**Given data:**
┌──

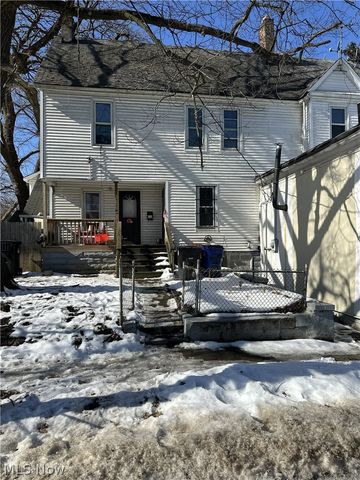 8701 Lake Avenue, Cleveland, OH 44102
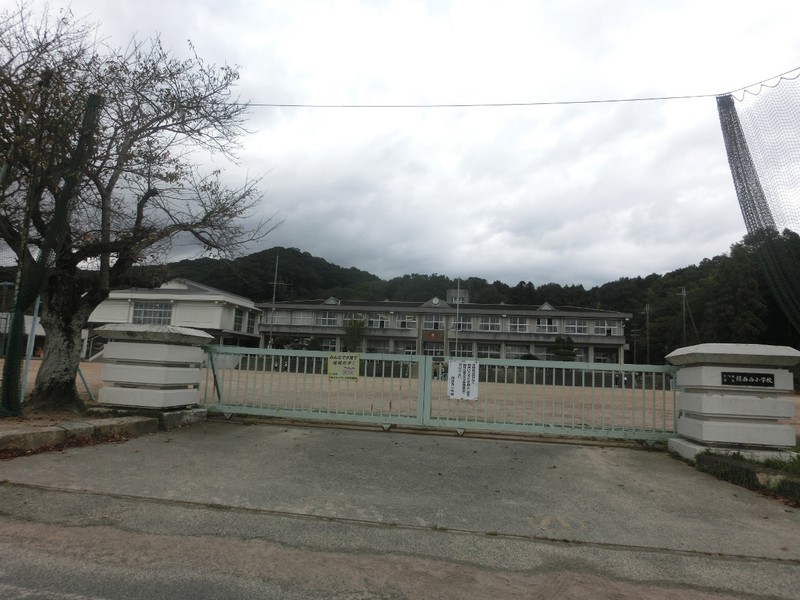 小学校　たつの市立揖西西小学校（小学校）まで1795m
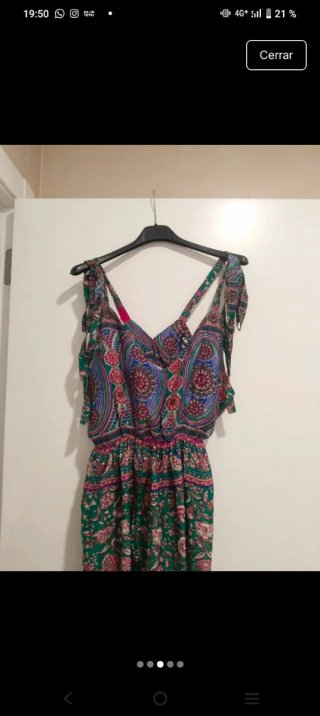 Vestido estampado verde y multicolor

└──
┌──

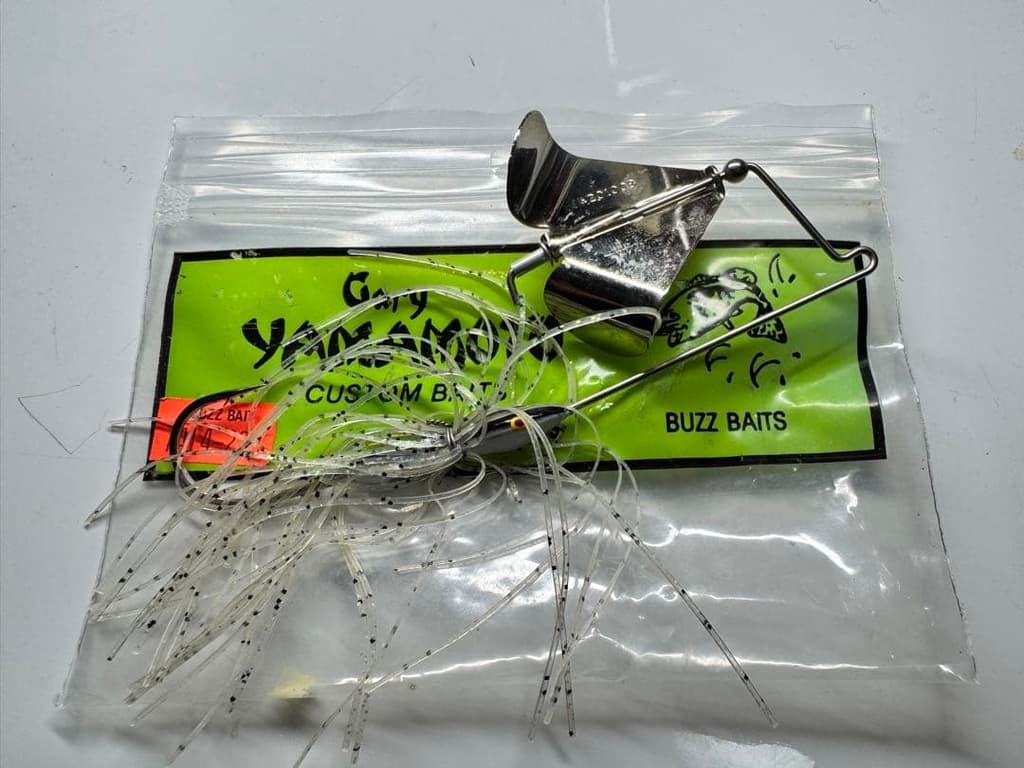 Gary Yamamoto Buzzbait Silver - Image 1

└──
┌──

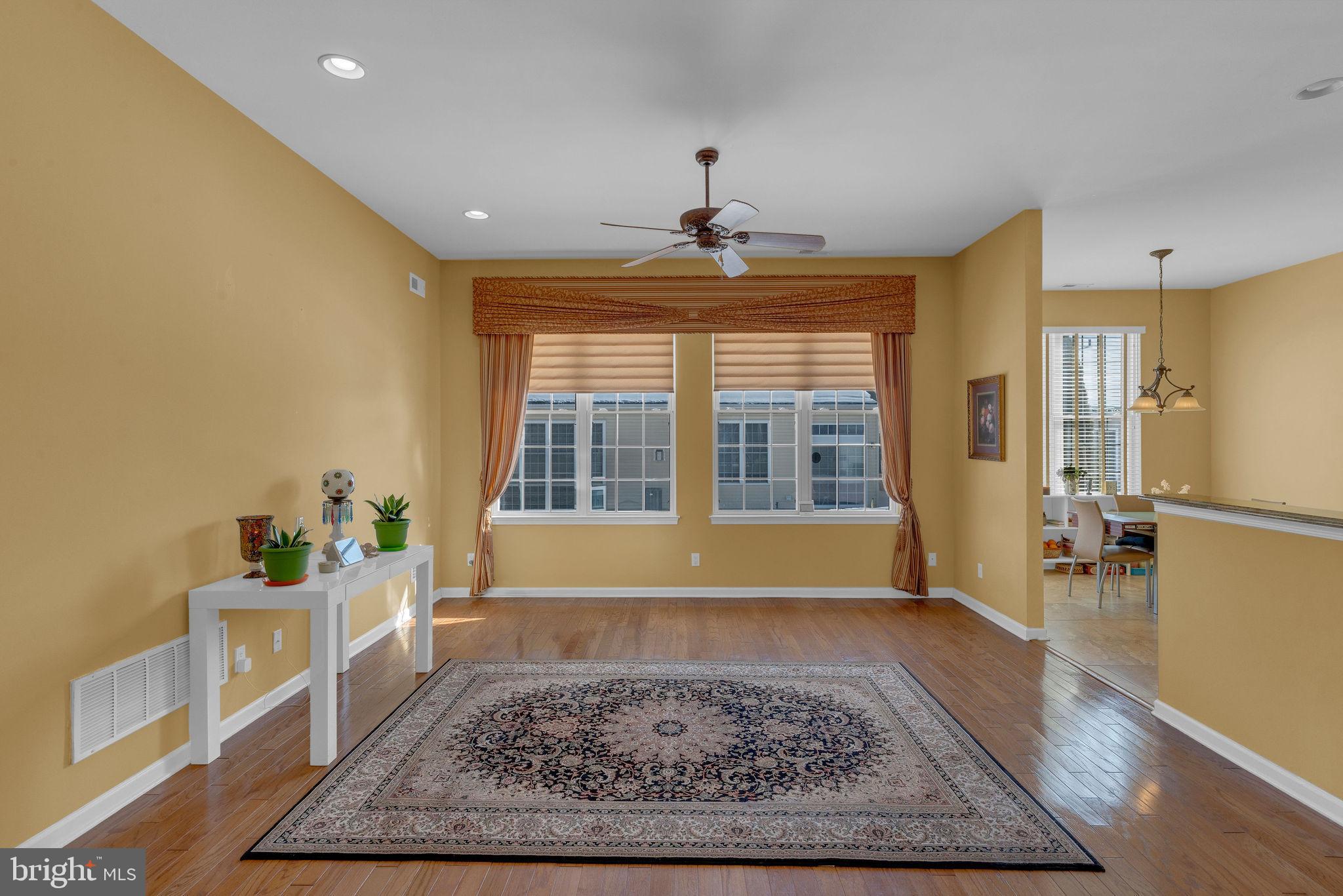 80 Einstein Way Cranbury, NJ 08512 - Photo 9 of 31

└──

**Exercise objective:**
Please repeat, exactly as written, the lines in the records above, starting with the one that has "8701 Lake Avenue, Cleveland, OH 44102" and going on through the one that has "Vestido estampado verde y multicolor". Pictures are to be left out.

**Task solution:**
 8701 Lake Avenue, Cleveland, OH 44102
 小学校　たつの市立揖西西小学校（小学校）まで1795m
 Vestido estampado verde y multicolor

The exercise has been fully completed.